FCIAC commissioner Dave Schulz last night gave league hockey coaches next year’s schedule — there will be more head to head play between Division I schools — and earlier finished the boys basketball schedules.

Schulz said there have been conversations about a partial-season schedule and playoffs, but it is all theoretical and dependent on if and when schools reopen.

“We have thought out plans, but until you have a date there’s nothing you can put on paper,” Schulz said.

The postponement has affected athletes in other ways, like recruiting. Clark was planning on making an early impression before the summer travel season begins.

“It’s really hurting recruiting for juniors in every sport,” Clark said. “We have two of our biggest tournaments early in the summer for recruiting. That would really hurt me personally. Not having a spring season would really hurt for getting warmed up and personal awards that set you apart from the rest.”

For now, much of the FCIAC athletic community shares Lutz’s mindset.

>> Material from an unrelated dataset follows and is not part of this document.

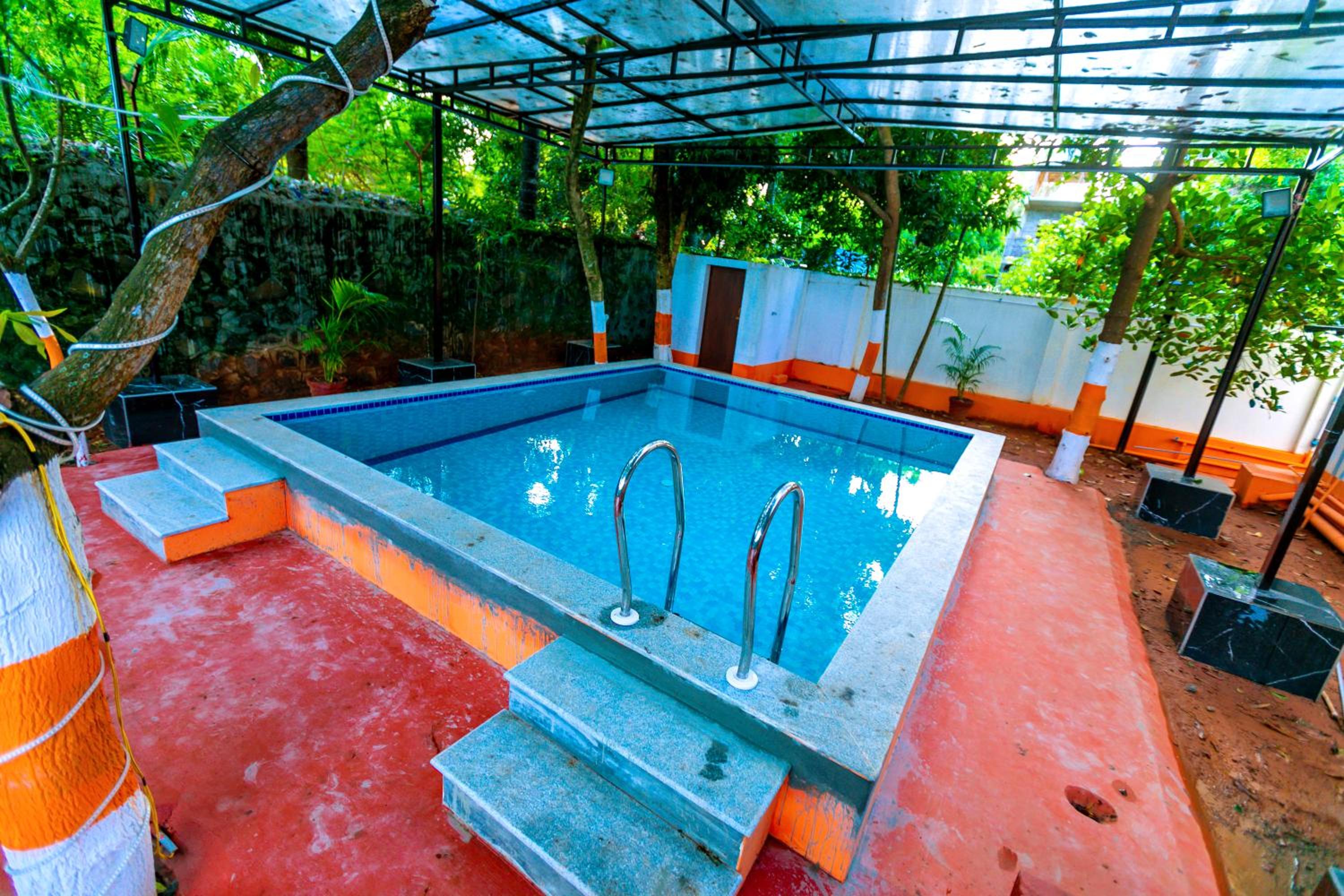 Queens Paradise Estate Resort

Asked if he has come to terms with the likelihood there would be no spring season, Lutz said, “I can’t accept that yet. Mentally I can’t. It’s there, it’s in the back of my mind. I’m a realist and I look at the facts but it is just so sad. It’s sad for the kids, the parents, the fans, the coaches. I’m trying not to think of it but each time you get one more piece of information from the news it looks less and less likely. You can’t say it’s over until it’s over.”